Compassionate, Personalized Care

With a warm and personable demeanor, Dr. Lesniak consistently earns high marks on physician-rating websites for his bedside manner and willingness to spend time with patients, as well as his diagnostic and surgical skills, promptness and follow-up care.

“When people call with a diagnosis of a brain tumor, it is one of the scariest moments in their lives… My philosophy has always been that we are here to make this experience as easy as possible on them,” he says. Unless in the operating room all day or away from Chicago, “I see people on their schedule, not mine.”

Another key aspect of his care approach is that he educates patients about their condition and provides options. “Many patients I see with malignant brain cancer,” notes Dr. Lesniak, “come to me simply because they’ve not been given any hope or options.”

Dr. Lesniak and Milo enjoy fall in Chicago.

Dr. Lesniak and Milo enjoy fall in Chicago.

For patients diagnosed with malignant brain cancer, the standard of care is tumor resection, followed by chemotherapy with temozolomide and radiation therapy. “If you look at the two-year survival of patients who are on these therapies, it’s about 25 percent,” says Dr. Lesniak. “But without them, the survival rate drops to single digits.” He hopes the biological therapies he is working to develop will significantly improve the prognosis for such patients.

Whatever the diagnosis, prognosis or intervention, Dr. Lesniak remains deeply connected to his patients throughout the course of their treatment and beyond. “I’m very involved in the lives of my patients throughout the entire process,” he says. “It’s not about what I do in the OR; it’s about what I do outside of the OR. I want to be a resource to everyone involved in coordinating a patient’s care.”

At the University of Chicago, after clearing multiple hurdles, Dr. Lesniak even started an innovative, new pet therapy program: oncology patients could bring their own dogs to the hospital.

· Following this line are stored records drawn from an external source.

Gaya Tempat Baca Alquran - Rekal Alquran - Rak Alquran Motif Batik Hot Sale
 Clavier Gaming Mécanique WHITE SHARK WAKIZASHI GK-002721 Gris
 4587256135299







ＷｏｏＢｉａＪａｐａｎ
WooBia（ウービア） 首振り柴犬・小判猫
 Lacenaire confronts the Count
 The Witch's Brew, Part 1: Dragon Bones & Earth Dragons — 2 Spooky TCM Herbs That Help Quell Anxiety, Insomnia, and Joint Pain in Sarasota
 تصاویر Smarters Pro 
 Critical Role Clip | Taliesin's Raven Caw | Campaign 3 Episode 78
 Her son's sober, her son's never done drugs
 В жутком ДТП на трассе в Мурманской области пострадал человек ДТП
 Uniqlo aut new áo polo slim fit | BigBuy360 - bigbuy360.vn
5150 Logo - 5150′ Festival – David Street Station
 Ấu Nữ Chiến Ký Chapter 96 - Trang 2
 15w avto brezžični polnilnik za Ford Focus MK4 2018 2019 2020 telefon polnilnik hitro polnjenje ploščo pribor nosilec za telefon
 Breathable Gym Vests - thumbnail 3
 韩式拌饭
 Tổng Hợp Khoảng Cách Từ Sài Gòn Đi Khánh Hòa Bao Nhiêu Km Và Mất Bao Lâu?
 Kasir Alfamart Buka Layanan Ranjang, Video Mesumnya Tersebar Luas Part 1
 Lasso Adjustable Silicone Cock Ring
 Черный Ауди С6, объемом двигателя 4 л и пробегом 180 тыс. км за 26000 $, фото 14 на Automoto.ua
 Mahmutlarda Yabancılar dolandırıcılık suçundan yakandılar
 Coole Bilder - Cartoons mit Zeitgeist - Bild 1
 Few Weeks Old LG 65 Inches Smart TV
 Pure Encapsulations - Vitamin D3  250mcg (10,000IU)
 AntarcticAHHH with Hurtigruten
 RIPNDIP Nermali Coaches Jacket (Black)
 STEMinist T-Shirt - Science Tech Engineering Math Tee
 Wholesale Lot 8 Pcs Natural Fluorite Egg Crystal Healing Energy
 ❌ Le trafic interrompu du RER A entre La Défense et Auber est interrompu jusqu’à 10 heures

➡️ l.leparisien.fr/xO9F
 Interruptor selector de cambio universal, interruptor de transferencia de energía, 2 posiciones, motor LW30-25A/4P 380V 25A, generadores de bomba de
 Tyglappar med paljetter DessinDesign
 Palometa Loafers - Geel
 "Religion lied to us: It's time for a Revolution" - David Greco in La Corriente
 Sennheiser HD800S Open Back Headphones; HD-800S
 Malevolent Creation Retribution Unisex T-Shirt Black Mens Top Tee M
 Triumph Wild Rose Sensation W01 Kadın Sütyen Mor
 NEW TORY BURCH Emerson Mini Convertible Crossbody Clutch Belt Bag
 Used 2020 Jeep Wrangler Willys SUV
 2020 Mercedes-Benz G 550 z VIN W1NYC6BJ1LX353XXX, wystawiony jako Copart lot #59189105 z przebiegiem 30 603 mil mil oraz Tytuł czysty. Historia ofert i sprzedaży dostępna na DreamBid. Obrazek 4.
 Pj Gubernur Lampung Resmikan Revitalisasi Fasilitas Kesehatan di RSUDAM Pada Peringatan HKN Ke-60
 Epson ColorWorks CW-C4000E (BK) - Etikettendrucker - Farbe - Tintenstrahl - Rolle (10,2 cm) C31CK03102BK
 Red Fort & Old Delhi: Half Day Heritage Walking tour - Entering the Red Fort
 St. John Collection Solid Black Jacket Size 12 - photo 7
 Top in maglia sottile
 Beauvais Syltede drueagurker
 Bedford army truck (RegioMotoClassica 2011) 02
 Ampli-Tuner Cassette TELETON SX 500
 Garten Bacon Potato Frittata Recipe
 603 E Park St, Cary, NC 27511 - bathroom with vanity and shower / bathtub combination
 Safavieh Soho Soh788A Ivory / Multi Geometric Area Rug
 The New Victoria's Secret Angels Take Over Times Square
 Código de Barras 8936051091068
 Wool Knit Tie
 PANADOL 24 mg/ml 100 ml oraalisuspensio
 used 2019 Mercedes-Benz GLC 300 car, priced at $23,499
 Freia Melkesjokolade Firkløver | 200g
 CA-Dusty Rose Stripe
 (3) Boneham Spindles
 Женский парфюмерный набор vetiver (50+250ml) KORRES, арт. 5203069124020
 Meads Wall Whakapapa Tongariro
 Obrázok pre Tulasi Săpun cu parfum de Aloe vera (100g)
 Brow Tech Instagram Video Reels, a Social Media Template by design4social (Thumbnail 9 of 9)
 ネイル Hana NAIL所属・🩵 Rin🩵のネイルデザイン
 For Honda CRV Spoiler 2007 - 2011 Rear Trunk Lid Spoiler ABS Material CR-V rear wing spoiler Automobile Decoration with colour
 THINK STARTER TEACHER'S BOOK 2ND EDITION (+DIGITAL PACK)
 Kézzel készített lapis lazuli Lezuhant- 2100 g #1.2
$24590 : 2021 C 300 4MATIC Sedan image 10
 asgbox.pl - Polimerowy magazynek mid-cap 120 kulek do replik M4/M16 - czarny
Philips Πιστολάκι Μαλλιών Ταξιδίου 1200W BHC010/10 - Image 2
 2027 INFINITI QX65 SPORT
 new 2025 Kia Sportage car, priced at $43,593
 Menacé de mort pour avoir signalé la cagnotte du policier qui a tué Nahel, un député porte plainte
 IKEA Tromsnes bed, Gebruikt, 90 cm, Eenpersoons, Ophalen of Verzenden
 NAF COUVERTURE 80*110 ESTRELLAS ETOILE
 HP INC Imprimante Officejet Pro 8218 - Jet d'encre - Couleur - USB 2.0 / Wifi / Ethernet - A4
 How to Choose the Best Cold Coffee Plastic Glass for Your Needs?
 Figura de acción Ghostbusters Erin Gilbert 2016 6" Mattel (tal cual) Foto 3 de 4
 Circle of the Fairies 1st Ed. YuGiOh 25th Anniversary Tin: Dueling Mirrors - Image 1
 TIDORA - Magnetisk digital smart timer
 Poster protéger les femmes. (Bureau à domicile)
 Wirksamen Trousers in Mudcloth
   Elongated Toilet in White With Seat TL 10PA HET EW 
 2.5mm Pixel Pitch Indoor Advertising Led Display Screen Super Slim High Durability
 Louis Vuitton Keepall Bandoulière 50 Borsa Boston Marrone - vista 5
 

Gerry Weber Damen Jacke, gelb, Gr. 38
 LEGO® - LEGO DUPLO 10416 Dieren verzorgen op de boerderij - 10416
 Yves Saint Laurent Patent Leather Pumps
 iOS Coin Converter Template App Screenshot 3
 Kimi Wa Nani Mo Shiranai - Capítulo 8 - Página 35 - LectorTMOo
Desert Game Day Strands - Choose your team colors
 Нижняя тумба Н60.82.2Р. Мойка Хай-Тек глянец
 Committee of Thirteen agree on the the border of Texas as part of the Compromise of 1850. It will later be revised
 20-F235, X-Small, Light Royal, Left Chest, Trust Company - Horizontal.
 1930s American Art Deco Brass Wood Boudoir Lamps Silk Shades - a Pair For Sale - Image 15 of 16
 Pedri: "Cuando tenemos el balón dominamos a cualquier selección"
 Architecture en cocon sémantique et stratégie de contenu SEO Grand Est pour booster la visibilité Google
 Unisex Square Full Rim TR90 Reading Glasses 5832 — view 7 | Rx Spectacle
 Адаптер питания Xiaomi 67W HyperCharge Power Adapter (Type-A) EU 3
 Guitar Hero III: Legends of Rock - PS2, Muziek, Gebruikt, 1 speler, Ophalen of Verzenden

“I’ve had many patients who’ve been more concerned about being in a hospital for too long because they didn’t know what was happening to their dog or cat,” he explains. “That was quite striking. If we are really taking care of people and their needs, and their needs include maintaining bonds, why should pets be treated differently? We need to recognize that they are an important part of providing care.”

A lifelong dog lover himself, Lesniak lives with a Portuguese water dog named Milo. His four-legged friend accompanied him to campus at the University of Chicago, initially to participate in a colleague’s research project on canine interaction and patient stress levels.

Promoting Positive Morale

As head of neurosurgery at Northwestern, Dr. Lesniak, who is 45 and radiates youthful energy, says his priority is to create a positive work atmosphere that focuses on patients and their needs.

“We spend most of our day at work – 10, 12 and sometimes 16 hours,” he observes. “By the time you get home, you may have only a couple of hours to spend with your loved ones before going to sleep.

“So it is very important for us to have a healthy working environment — collegial, enthusiastic, supportive, productive — which translates into happy people at home, who come back to work and actually want to be here. When we do that, we take that positive attitude to our patients.”